Lastly, if you can, look at changing your index and lead with the log_time column instead of the foreign key column. This change, depending on how the log_time data comes in (hopefully it’s more “in order” than the FK column). This could decrease your page splits significantly. If you pair this with both compression (ROW) and a good partition scheme, you might see some significant improvements.
A page split is a page split. You can’t control what SQL Server does when it requires a page split. That is not a variable and configurable setting.

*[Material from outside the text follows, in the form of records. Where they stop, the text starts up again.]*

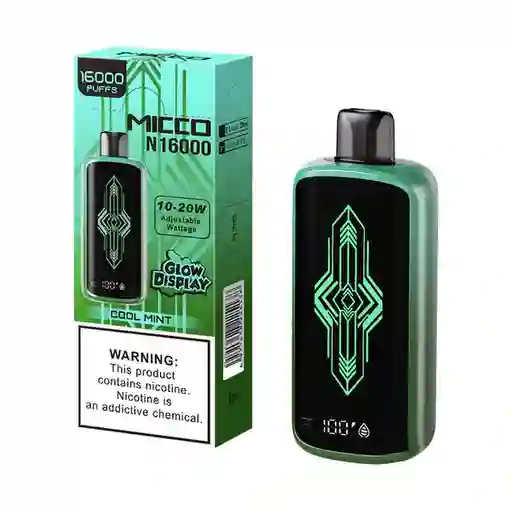 Vape Desechable Micco 16000 Puffs Cool Mint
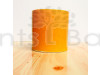 5 inch Glossy Orange Dotted Decorative Cylindrical Ceramic Pot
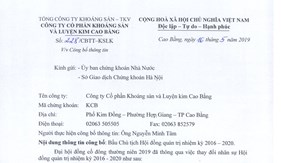 V/V CÔNG BỐ THÔNG TIN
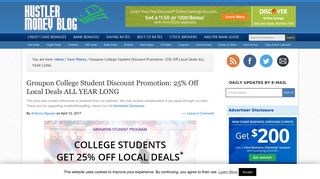 Groupon College Student Discount Promotion: 25% Off Local Deals ...
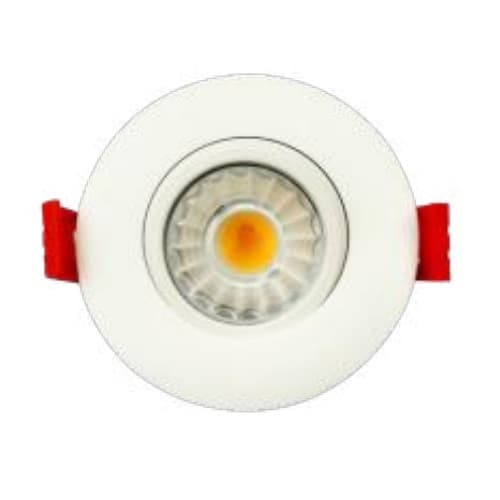 3-in 8W SnapTrim Downlight, Gimbal, Round, 120V, Selectable CCT, White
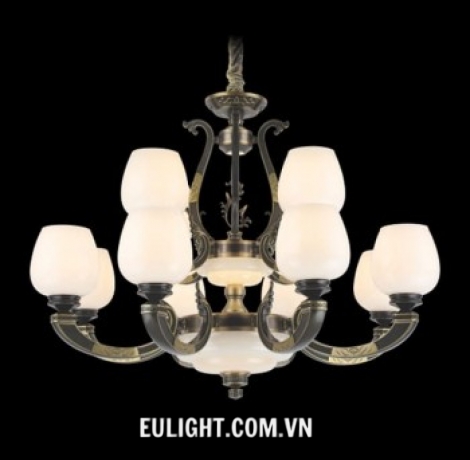 đèn chùm chao đá tự nhiên DC156/8+4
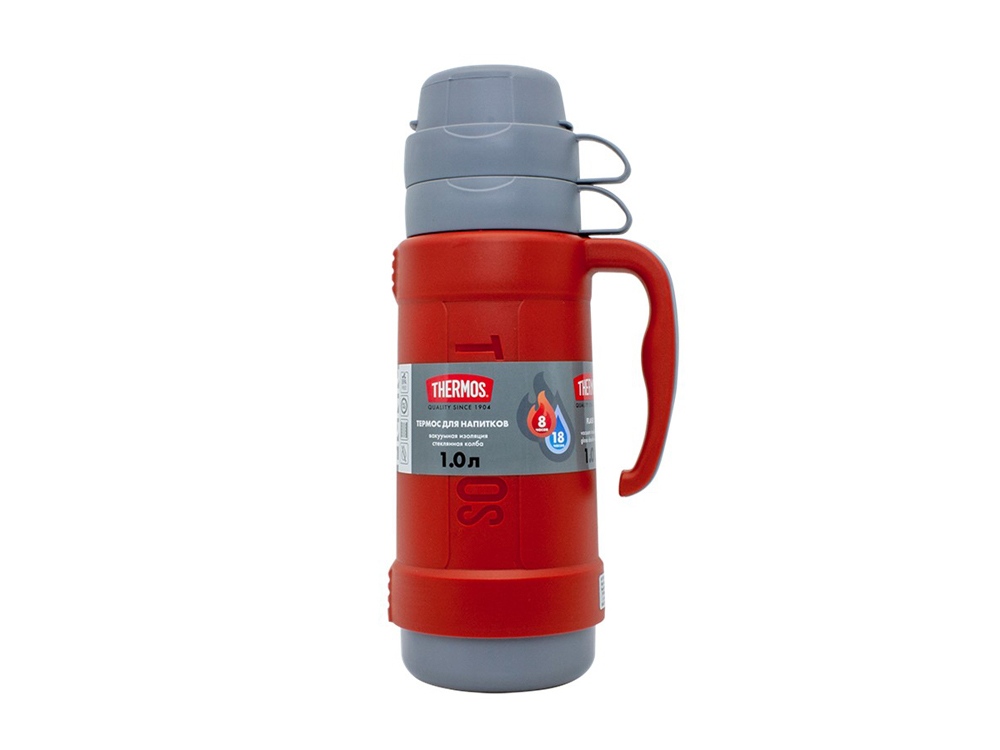 Термос со стеклянной колбой тм THERMOS PICNIC 40 Series Red 1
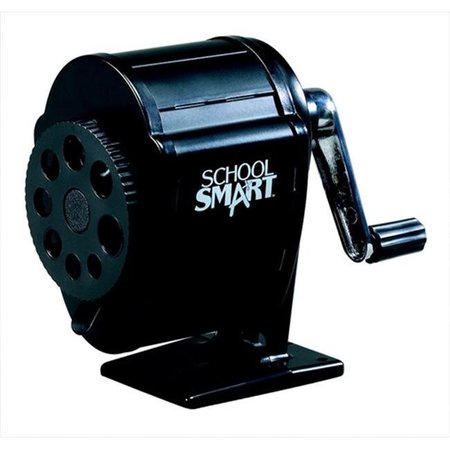 SCHOOL SMART School Smart 084835 Multi-Hole Metal Pencil Sharpener; Black 84835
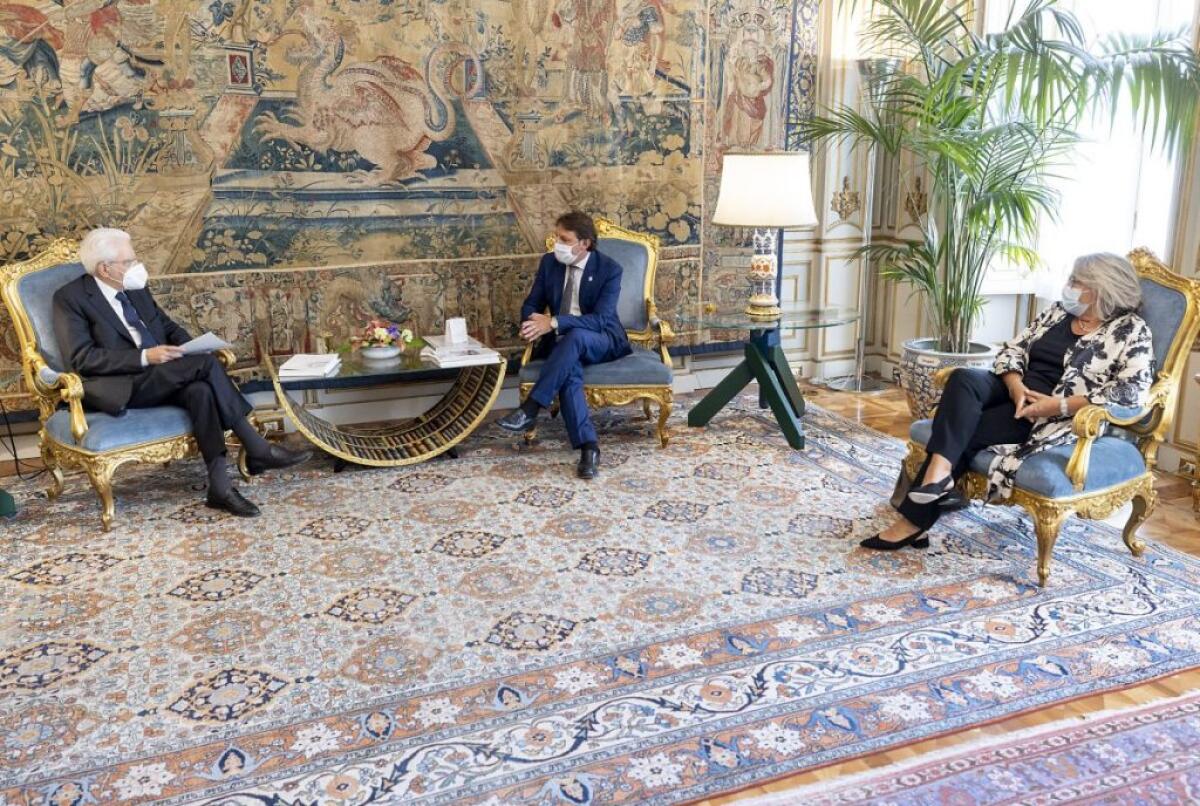 Inps, Tridico e Di Michele da Mattarella per il Rapporto annuale -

When SQL Server needs to split a page, it’ll put roughly half of the data in one page and half in the new page.
If you are having “multiple” insertion points into the index, causing hot spots in the index to undergo many page splits and much fragmentation then there isn’t much you can do to alleviate that with the current design. It sounds like the way your data is dispersed that could be the root of your problem. If you insert into the middle of an index, you will cause page splits/fragmentation.
There are a couple of things you can do, depending on how predictable your “insertion points” are. You could utilize table partitioning, and this would allow you to rebuild the indexes on a particular partition (or partitions). This will keep cold data from receiving the maintenance, and minimize the duration of the rebuild to the hot and fragmented partitions.
Depending on your edition, you could also utilize online index rebuild operations to reduce the availability impact on this maintenance procedure.